Шарлотта Бронте делает выбор. Викторианская любовь (Агишева) - страница 59

Ноги сами привели ее в Saint-Josse-ten-Noode, на протестантское кладбище Брюсселя, где под серой мраморной плитой, окруженной зеленым дерном, лежала Марта Тейлор. Если бы Шарлотте сказали, что она уже несколько дней кряду бродит по Брюсселю, забираясь в самые дальние его закоулки и невесть как возвращаясь в сумерках на рю Изабель, она бы не поверила: все это происходило машинально и как будто помимо ее воли. Но сейчас, среди каменных крестов, тусклых венков из бессмертника и растений, которые в таком сочетании встречаются только здесь – кипарис, ива, тис, – она почувствовала, что успокаивается. Или высокая трава и могилы напомнили ей Хауорт? Как давно она не выходила из дома и не ступала меж надгробий по направлению к церкви. Она подошла к колокольне, стоявшей на холме в центре кладбища, и огляделась. Вокруг простирались поля, и ничто еще не говорило о том, что совсем скоро город поглотит и эту местность, и это кладбище, стерев его с лица земли. От порыва ветра колокол заговорил, будто призывая ее к чему-то, и Шарлотта подумала о том, что давно не была в церкви и ей надо исповедаться. Столько муки в душе, она виновата, грешна – и необходимо открыться. Тут же она почувствовала, что не сможет быть откровенной с мистером Дженкинсом, и это тоже ее грех, может быть, еще более тяжкий, чем остальные, ведь она принадлежит протестантской вере и католицизм ей чужд.

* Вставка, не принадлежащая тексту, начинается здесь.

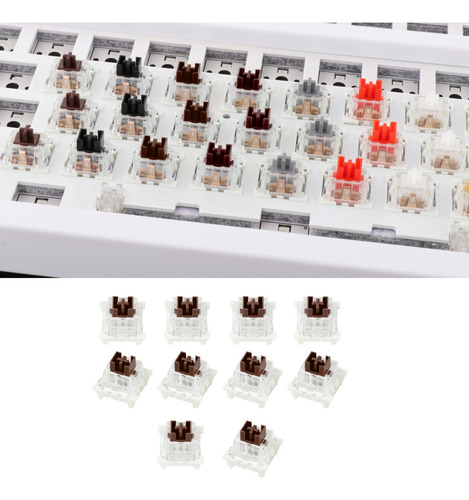 Chaves De Teclado Mecânico De 10 Castanho À Prova De Pó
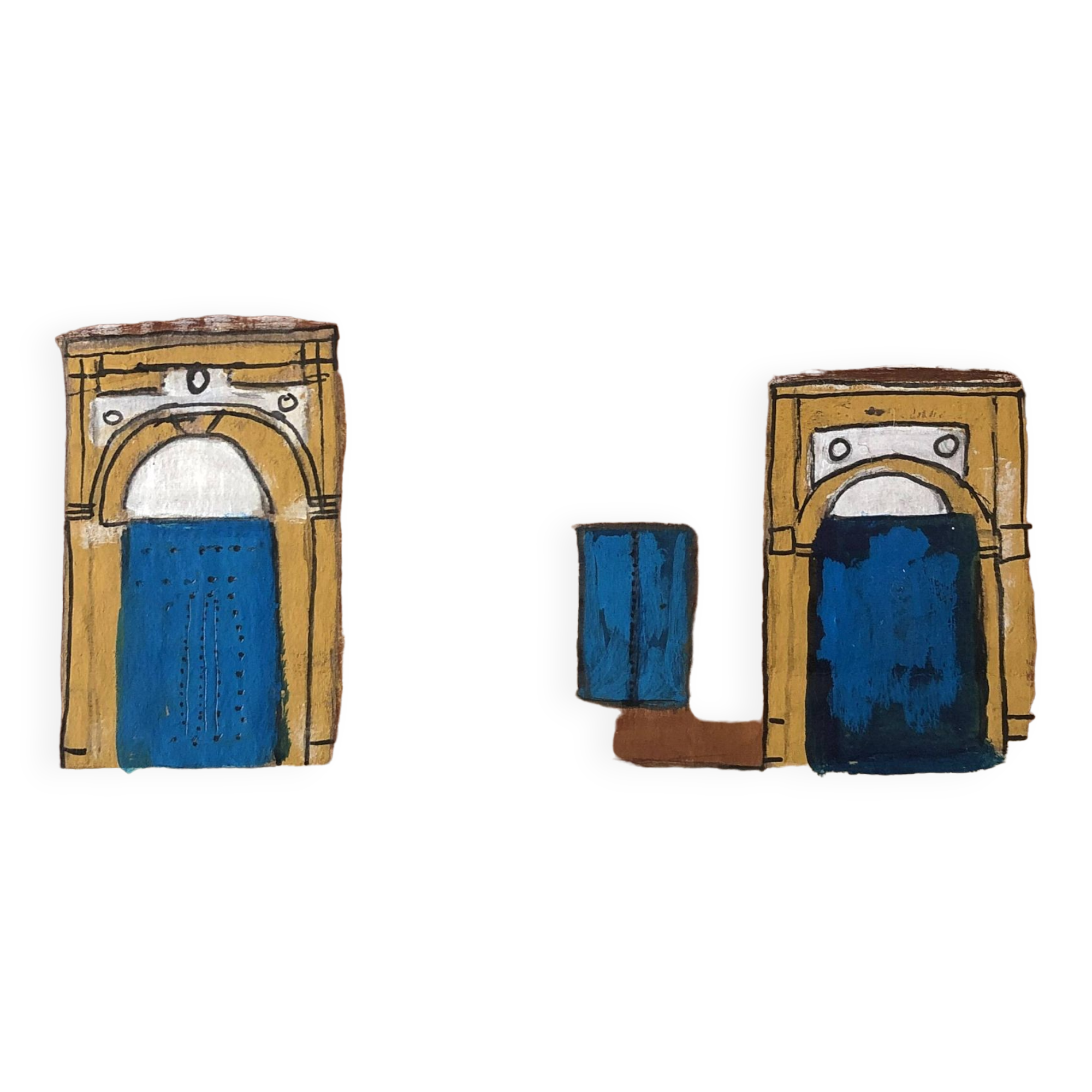Gouache Blue Doors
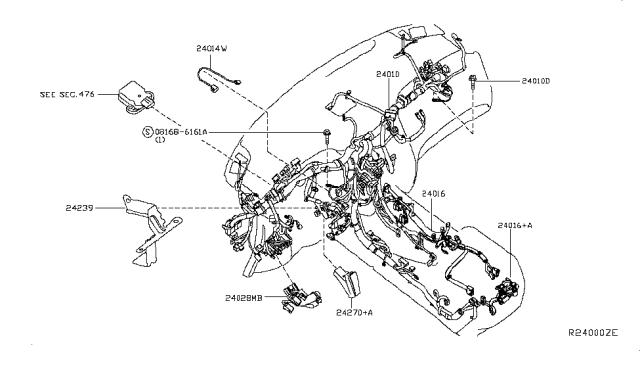 2015 Infiniti QX60 Harness-Main Diagram for 24010-9NA6B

Воистину надо было приехать на континент, чтобы осознать это. Именно здесь, увидев роскошь и величие католических храмов, она отчетливо поняла, что Бог – это одно, а Рим – это другое. В католических обрядах ей виделись фальшь и фарисейство. Однажды днем Зоэ пригласила ее на балкон, чтобы посмотреть на грандиозное шествие военных и духовных лиц. Грузный архиепископ в кружевах и батисте напомнил тогда Шарлотте воробья в оперении райской птицы, а немыслимо разодетые и разукрашенные девочки – вовсе не прислужниц Господа. Ей казалось, что цветы, позолота, блеск свечей и парчи отвлекают духовный взор человека от подлинного постижения сути Божьей. И когда Константин (а он, конечно, был верным католиком) как-то упрекнул ее в том, что она посещает все протестантские храмы Брюсселя без разбору – и англиканский, и лютеранский, и пресвитерианский, – она с жаром стала объяснять ему, что как раз и мечтает о единстве и общности их учения, о том, что ничто не препятствует им однажды слиться в великий священный союз, правда, почему-то не допуская туда при этом католиков. Он был так потрясен ее смелостью и горячностью, что даже не стал спорить. Истинная дочь англиканского священника, она ценила строгость и скромность протестантских обрядов и верность одному только Писанию. Шарлотта много думала об этом в Бельгии, ее неприязнь к католикам не исчезла и много позже – или тогда она еще более усилилась благодаря неприязни к мадам Эже? Так или иначе, в “Городке” она выскажется прямо: “Для блага человечества делается мало, еще менее для славы господней. Всюду смерть, и плач, и голод, отворяется кладезь бездны, и земля поражается язвою: а для чего? Чтобы духовенство могло гордо шагать во славе и величии, утверждая владычество безжалостного Молоха – „святой церкви“” (глава XXXIV “Яблоко раздора”).